The interleaving varies each time. Both threads race to print, and their outputs can jumble together. This unpredictability is your first glimpse of concurrent programming’s fundamental challenge: when threads share resources (here, the output stream), chaos can ensue.
Many Ways to Start a Thread
You’ve seen functions passed to std::thread. But threads accept any callable object: lambda expressions, function objects, and member functions.
Lambda expressions are often the clearest choice, especially for short tasks:
#include <iostream>
#include <thread>
int main()
{
int x = 42;
std::thread t([x]() {
std::cout << "The value is: " << x << "\n";
});
t.join();
return 0;
}
The lambda captures x by value—it copies x into the lambda’s own storage. This is important: std::thread copies all arguments by default, even when your function declares a reference parameter.
To actually pass by reference, you must be explicit:
#include <iostream>
#include <thread>
void increment(int& value)
{
++value;
}
int main()
{
int counter = 0;
std::thread t(increment, std::ref(counter));
t.join();
std::cout << "Counter is now: " << counter << "\n";
return 0;
}
Without std::ref(), the thread would modify a copy, leaving counter unchanged at zero. With it, the thread modifies the original variable.
For objects with custom behavior, you can use function objects (functors):
#include <iostream>
#include <thread>
class Counter
{
int limit_;
public:
Counter(int limit) : limit_(limit) {}
void operator()() const
{
for (int i = 0; i < limit_; ++i)
std::cout << i << " ";
std::cout << "\n";
}
};
int main()
{
std::thread t(Counter(5));
t.join();
return 0;
}
You can even run member functions on objects:
#include <iostream>
#include <thread>
#include <string>
class Greeter
{
public:
void greet(const std::string& name)
{
std::cout << "Hello, " << name << "!\n";
}
};
int main()
{
Greeter g;
std::thread t(&Greeter::greet, &g, "World");
t.join();
return 0;
}
The syntax &Greeter::greet names the member function; &g provides the instance to call it on.
Thread Lifecycle: Join, Detach, or Crash
Every std::thread object must be either joined or detached before it’s destroyed. If you let a thread object go out of scope without doing one of these, the program calls std::terminate() and aborts.
We’ve used join() extensively. It blocks the calling thread until the target thread completes:
std::thread worker(do_work);
// ... other operations ...
worker.join(); // wait here until do_work finishes
Sometimes you want a thread to run independently, continuing even after the std::thread object is destroyed. That’s what detach() does:
std::thread logger(background_logging);
logger.detach(); // thread continues running independently
// logger object is now "empty" and will safely destruct
A detached thread becomes a daemon thread. It runs until it finishes or the program exits. You lose all ability to wait for it or check its status. Use detachment sparingly—usually for truly fire-and-forget background work like logging.

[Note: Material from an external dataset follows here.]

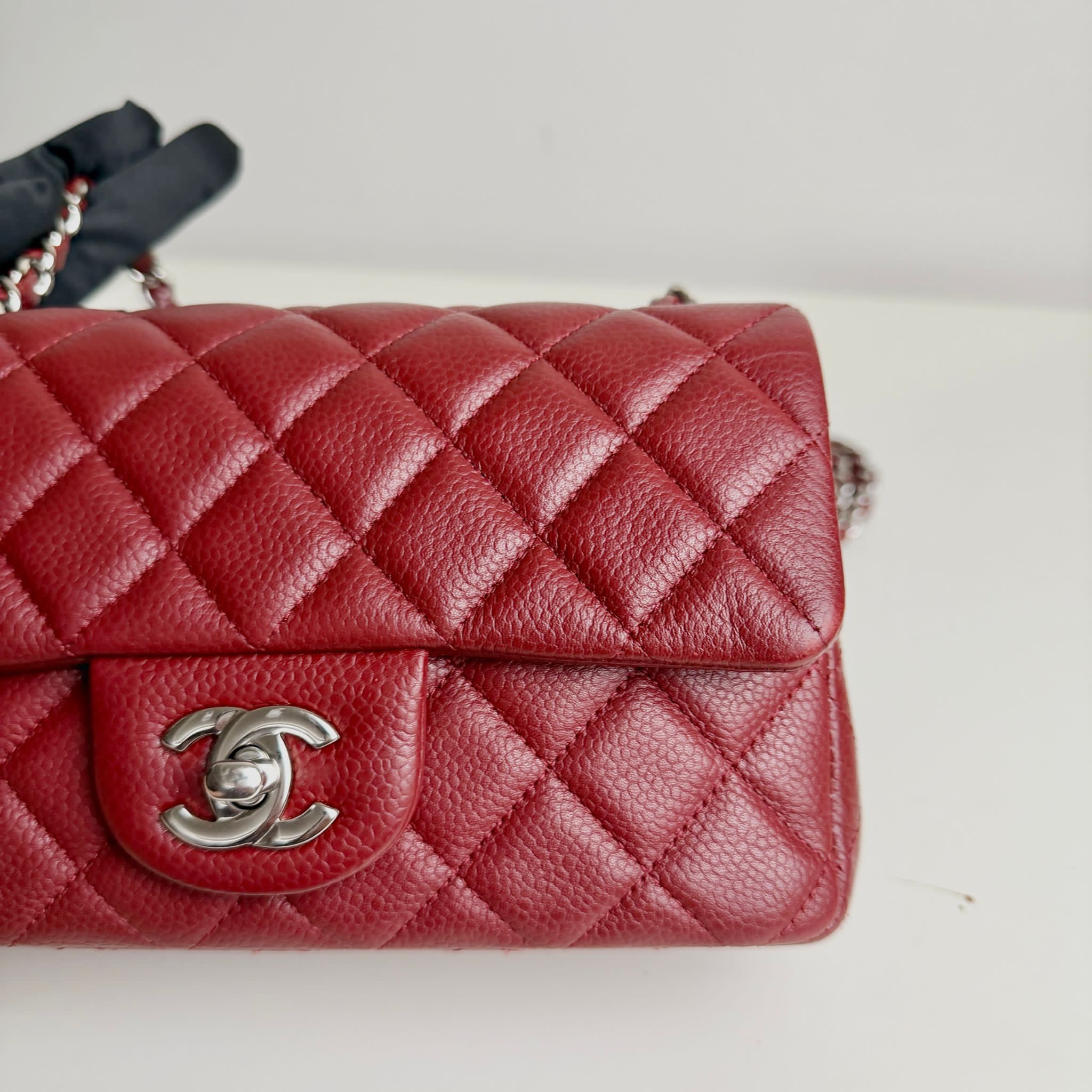 Red quilted handbag with silver Chanel logo on a light background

Before joining or detaching, you can check if a thread is joinable:
std::thread t(some_function);
if (t.joinable())
{
t.join();
}
A thread is joinable if it represents an actual thread of execution. After joining or detaching, or after default construction, a std::thread is not joinable.
Inside a Thread: Useful Operations
Within a running thread, you can access several useful operations through std::this_thread:
#include <iostream>
#include <thread>
#include <chrono>
void worker()
{
// Get this thread's unique identifier
auto id = std::this_thread::get_id();
std::cout << "Thread ID: " << id << "\n";
// Pause for a specific duration
std::this_thread::sleep_for(std::chrono::milliseconds(500));
// Yield to other threads (hint to scheduler)
std::this_thread::yield();
std::cout << "Worker done.\n";
}
The sleep_for() function pauses the thread for at least the specified duration. The yield() function hints to the operating system that this thread is willing to give up its time slice—useful for busy-wait loops to avoid consuming all CPU time.
Thread-Local Storage: Private Data for Each Thread
Sometimes each thread needs its own copy of a variable—not shared with other threads, but persistent across function calls within that thread.
#include <iostream>
#include <thread>
thread_local int counter = 0;
void work(const char* name)
{
++counter;
std::cout << name << " counter: " << counter << "\n";
++counter;
std::cout << name << " counter: " << counter << "\n";
}
int main()
{
std::thread t1(work, "T1");
std::thread t2(work, "T2");
t1.join();
t2.join();
return 0;
}
Each thread sees its own counter. T1 prints 1, then 2. T2 independently prints 1, then 2. No synchronization needed because the data isn’t shared.
Thread-local storage is perfect for per-thread caches, random number generators, or error state. Use it when you need static-like persistence but don’t want sharing between threads.
The Hidden Danger: Race Conditions
Now we confront the central challenge of concurrent programming.
When multiple threads only read shared data, everything works fine. But the moment at least one thread writes while others read or write the same data, you enter dangerous territory. This is called a data race, and it produces undefined behavior—crashes, corruption, or silent errors that might not appear until your code runs in production.
Consider this innocent-looking code:
#include <iostream>
#include <thread>
int counter = 0;
void increment_many_times()
{
for (int i = 0; i < 100000; ++i)
++counter;
}
int main()
{
std::thread t1(increment_many_times);
std::thread t2(increment_many_times);
t1.join();
t2.join();
std::cout << "Counter: " << counter << "\n";
return 0;
}
Two threads, each incrementing 100,000 times. You’d expect 200,000. But run this repeatedly and you’ll see different results—180,000, 195,327, maybe occasionally 200,000. Something is wrong.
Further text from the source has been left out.